Опять, как тогда в ночном клубе, ее пальцы дотронулись до вспыхнувшей щеки, будто бы для того, чтобы убедиться, что она на месте. Но это состояние длилось недолго. Непонятная самой себе, она должна была бы в первую очередь подружиться с собой. Ей никогда не удавалось сделать это... раньше. Перед лицом следующего рождения она поклялась себе, что постарается. Но сначала — завершить дело, касающееся Николаса Линнера. О да! Касающееся его...
Глаза Акико широко раскрылись. Сато и Ёко слились в единое целое. Складки кимоно обвивали их двигающиеся тела подобно морским волнам, накатывающимся на берег, скрывая и обнажая одновременно.
Их порывистое дыхание долетало до нее, подобно крику чаек, притягивая, приглашая стать третьей, все сильнее распаляя ее желание.

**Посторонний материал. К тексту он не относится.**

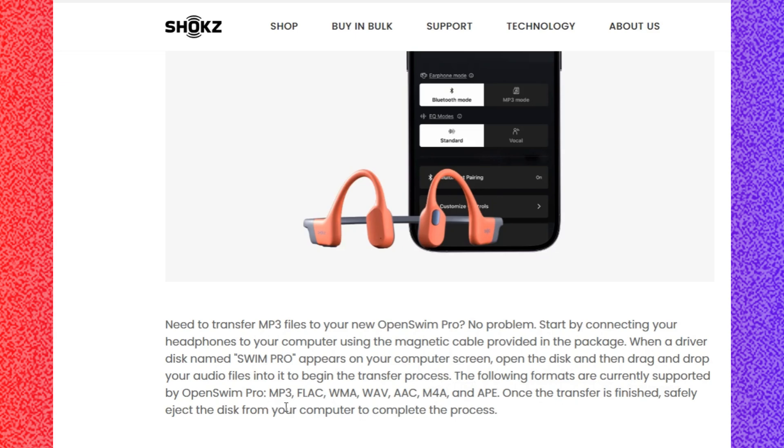Once the transfer is finished, safely eject the disc from your computer to complete the process. And lastly, enjoy your music.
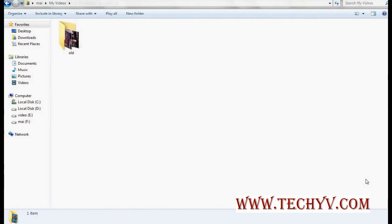Hi friends, this is Charlie from techyv.com and today we are going to see the recording feature of VLC media player.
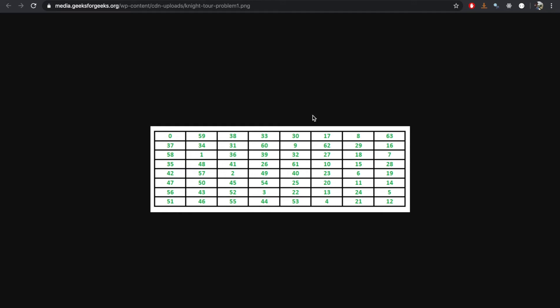Hello everyone, today we're going to focus on the Knight's Tour problem which is focused on recursion and backtracking.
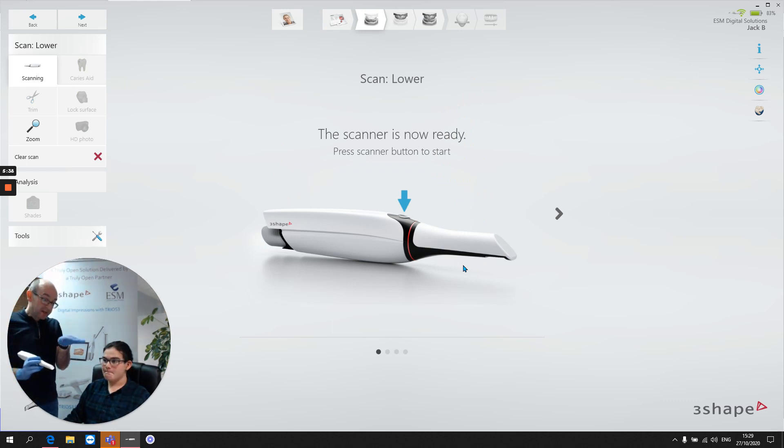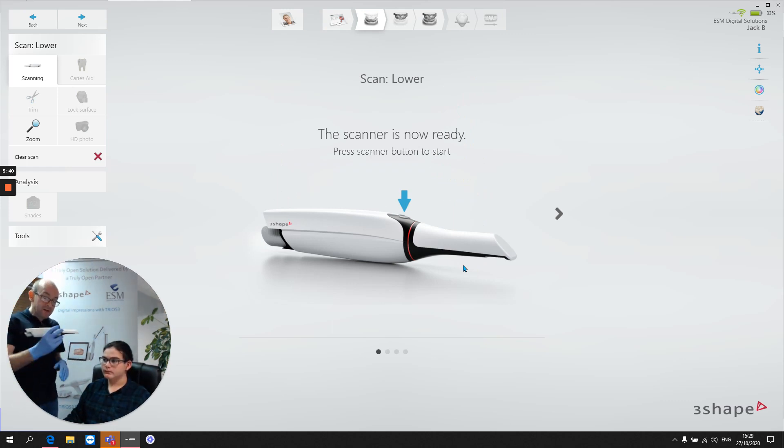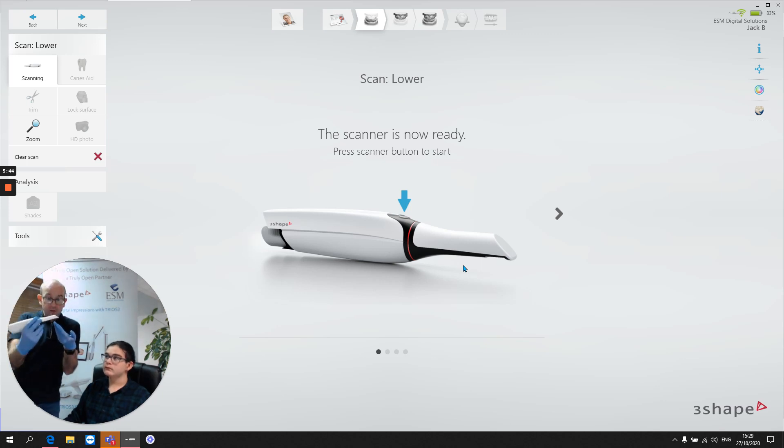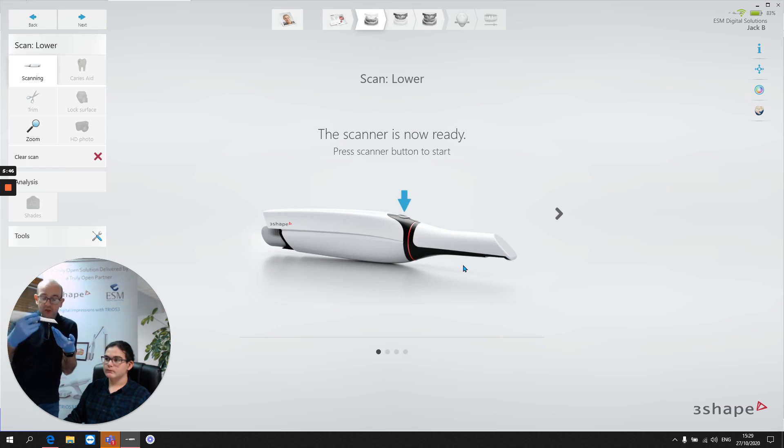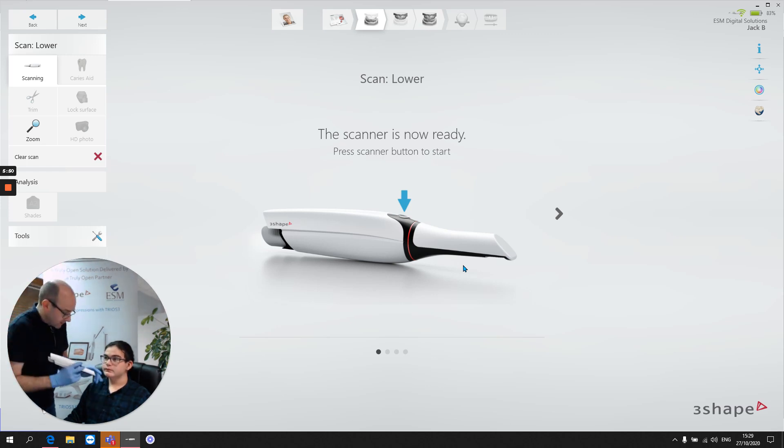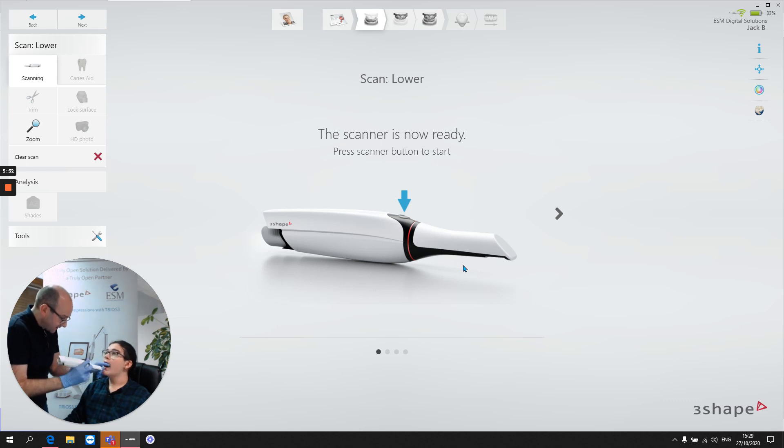So what the right way is, we do the occlusal scan and as we come around to the anterior region, just rock the scanner a little bit. So as we see those incisors, we're rocking the scanner just a little bit, just to capture a little bit of the buccal information. So let's do that again. Face towards me please, and head back and relax.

Она увидела упругий член Сато — сильную, багровую плоть, вздрагивающую под поглаживающими движениями девушки, прикрывшей глаза от удовольствия. Мягкие груди Ёко расплющивались о твердые ладони Сато. Его голова опускалась все ниже и ниже, пока наконец раскрытыми губами он не коснулся внутренней стороны горячих девичьих бедер.
Бессознательно Акико подалась вперед и буквально задохнулась, увидев, как язык Сато заиграл, лаская Ёко. Струйка горячего пота скользнула змейкой по спине и впиталась в кимоно отметиной вожделения. Ее ладони плавными движениями коснулись разведенных бедер.
Теперь вместо кончиков своих пальцев Акико ощущала ласкающий язык Сато, совершающий сводящие с ума движения по влажным бедрам Ёко: его руки двигались под ее коленями, поднимая ноги.
Бедра Ёко, бедра Акико. Не было различия в ощущении прикосновений. То, что с ней сделали, не испортило шелковистой кожи. Но она понимала: если Сато увидит скрытое там, на внутренней стороне, он может отменить свадьбу, а этого она не могла допустить. После... что ж, тогда у него не будет иного выбора, кроме как принять ее такой. Губы Сато двинулись выше, к черным завиткам, покрывающим высокий лобок Ёко. Акико увидела, как ноги девушки задрожали от возбуждения и приближающегося оргазма. Сато погрузился во влажную жаркую плоть, и Ёко откинулась головой назад, тонкие жилки на шее напряглись, губы раскрылись, обнажая зубы. Ноги ее непроизвольно дрожали.
И, пока Акико наблюдала за этим, умелые пальцы ее раскрывали ее собственные складки нежными круговыми движениями, синхронными с движениями головы Сато. Она чувствовала его, но этого было недостаточно, ей нужно было больше. Возбуждение омывало ее подобно каплям дождя. Она молила о вихре, цунами, который бы поднял ее ввысь и бросил в объятия экстаза.
Но он не приходил, и она стала сильнее нажимать пальцами, углубляясь в мягкие складки, раздвигая их, сильнее нажимая на клитор.
Сато поднял голову. Грудь его вздымалась, как у быка. Его мощное мужское тело нависло над хрупкой женственной Ёко, загораживая ее от рассеянного света, отбрасывая тень, которая казалась каким-то странным гримом на ее лице.